Expect to encounter setbacks and be prepared to deal with them. You are bound to feel fresh panic and depression at some stage of your treatment. Just when you think you have conquered crossing a wide street in an agoraphobia program, your next step may fail, leaving you standing at the curb frightened and disappointed. Setbacks can last a minute or weeks. When they occur, you may feel dejected for days: “I thought I had conquered that phobia, that particular street, yet there were those feelings again, preventing me from crossing.”

You must realize that setbacks are part of the whole learning process connected with phobias. Don’t dwell on why you can eat in a restaurant one day and not the next. Accept your bad days and rejoice in the good days. Setbacks are especially likely to happen if for any reason you are unable to practice your exposure tasks for some period of time. If you have to be in bed for a few days because of a cold or flu or some other illness, it will be more difficult to get started again, but perseverance will get you over the hump.

Setbacks are the signals for you to try again until you have conquered the situation where it occurred. Setbacks gradually fade once you no longer avoid the fact that they occurred and tackle them instead: “Next week I’ll cross that wide street—the one that I couldn’t cross this week. I’ll have coffee in that shop on the other side.”

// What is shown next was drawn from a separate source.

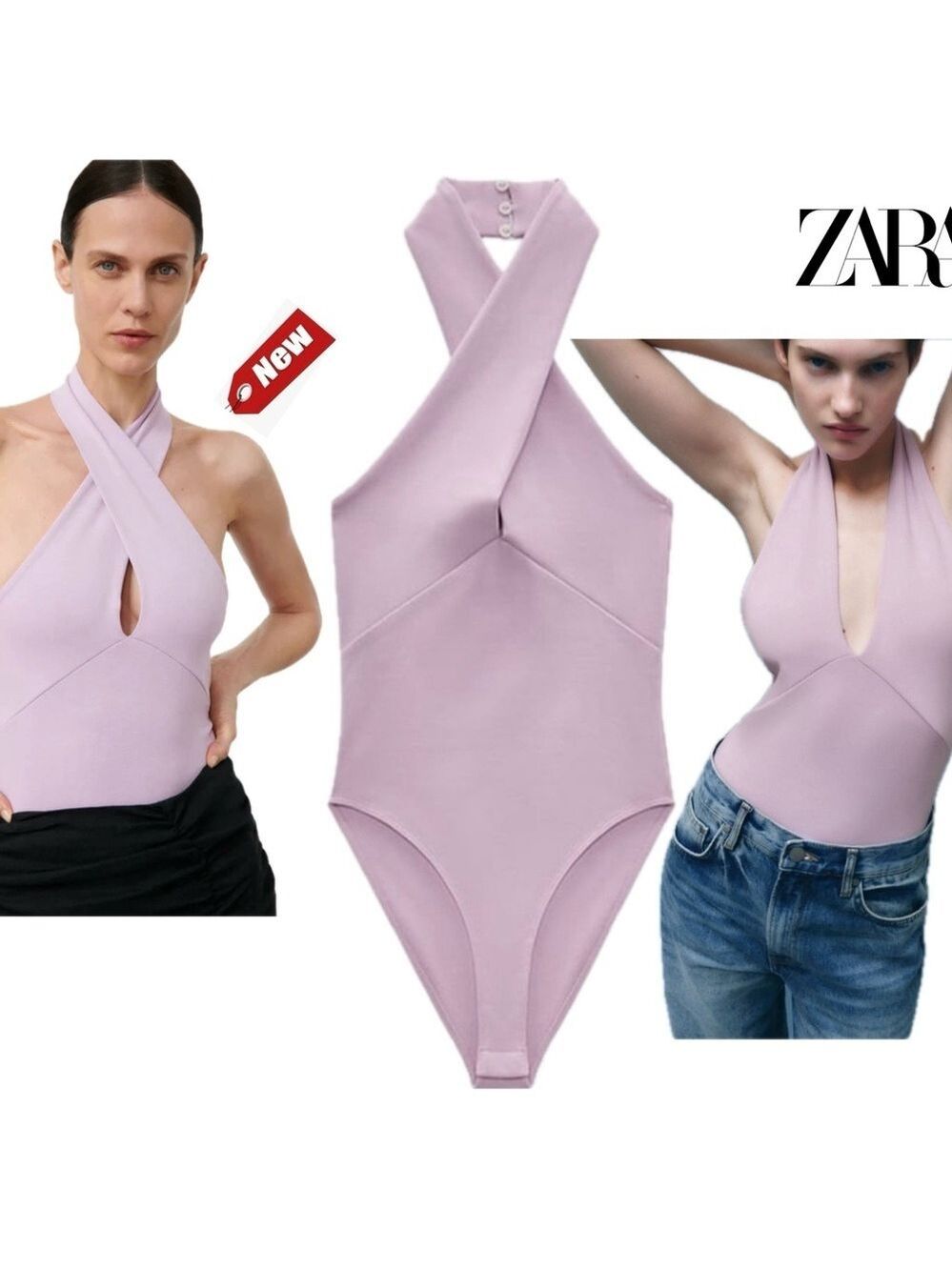 Zara lilac purple deep V plunge front twist halter bodysuit Sz M NWT - Picture 13 of 13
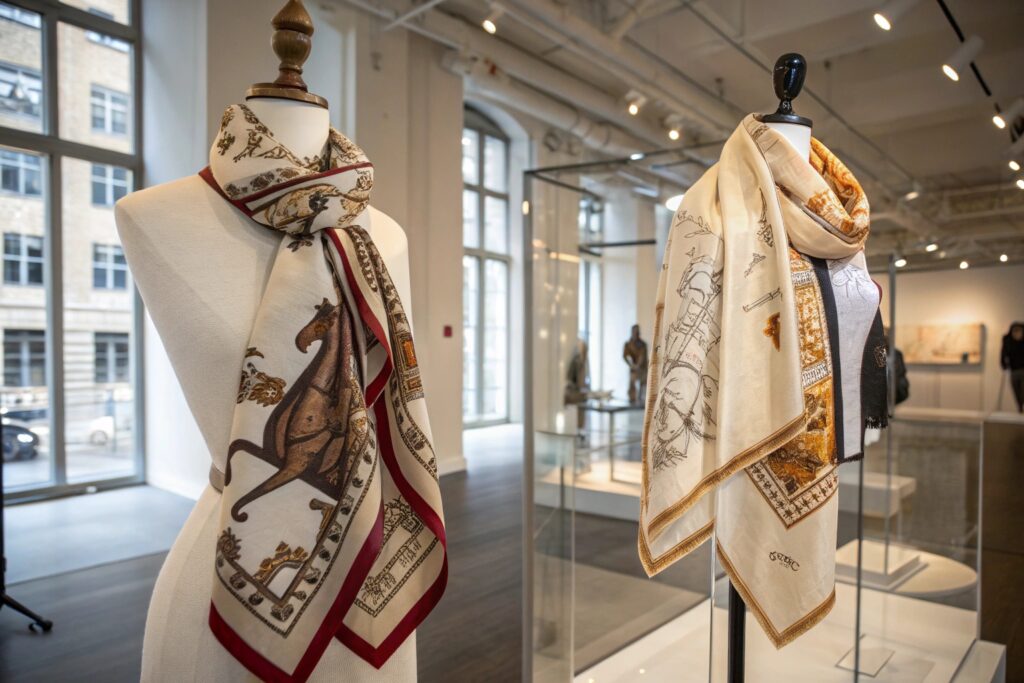 Elegant display of heritage-inspired and contemporary silk scarves on mannequins in a modern showroom, showcasing premium scarf craftsmanship and styling versatility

Although setbacks are inevitable, you can learn to cope with them. Don’t be bluffed by any strange new nervous feelings. What will be will be. It is no use being confident on Saturday and being put out on Sunday when panic strikes out of the blue. You have to be ready for it and deal with it, to try, try, and try again until you have reached the stage described by one phobic after treatment: “Yes, I still get the panics from time to time now, but it’s different, you know— now I don’t have to run away from them. I can just experience them and let them pass while I carry on with whatever I happen to be doing at the time.” Recovery lies in meeting precisely those situations you fear; those are the ones you have to master.